== EXERCISE OBJECTIVE ==
With pictures omitted, copy exactly the lines from the one containing "Shared l-shaped office desk system" through the end of the records below.

+ + +

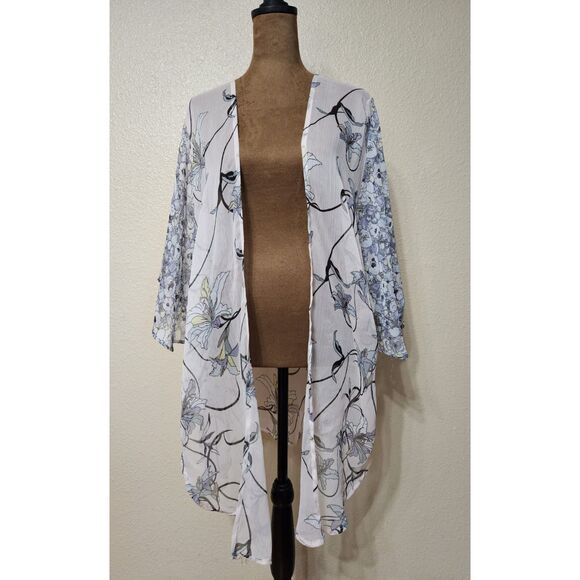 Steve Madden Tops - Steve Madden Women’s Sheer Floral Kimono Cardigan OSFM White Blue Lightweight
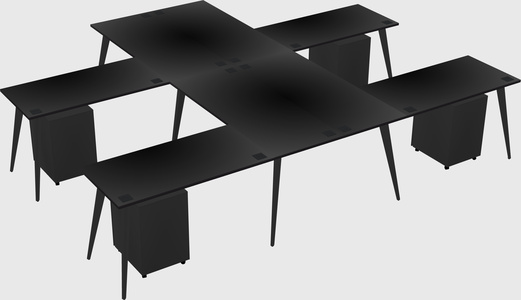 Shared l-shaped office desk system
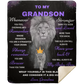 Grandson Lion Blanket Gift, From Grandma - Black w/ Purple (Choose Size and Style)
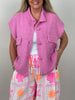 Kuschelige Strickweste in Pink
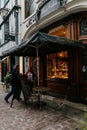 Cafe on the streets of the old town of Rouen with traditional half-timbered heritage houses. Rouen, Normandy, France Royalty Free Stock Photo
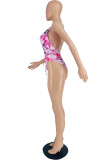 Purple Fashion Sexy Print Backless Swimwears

+ + +

== TASK RESULT ==
 Shared l-shaped office desk system
 Grandson Lion Blanket Gift, From Grandma - Black w/ Purple (Choose Size and Style)
 Kuschelige Strickweste in Pink
 Cafe on the streets of the old town of Rouen with traditional half-timbered heritage houses. Rouen, Normandy, France Royalty Free Stock Photo
 Purple Fashion Sexy Print Backless Swimwears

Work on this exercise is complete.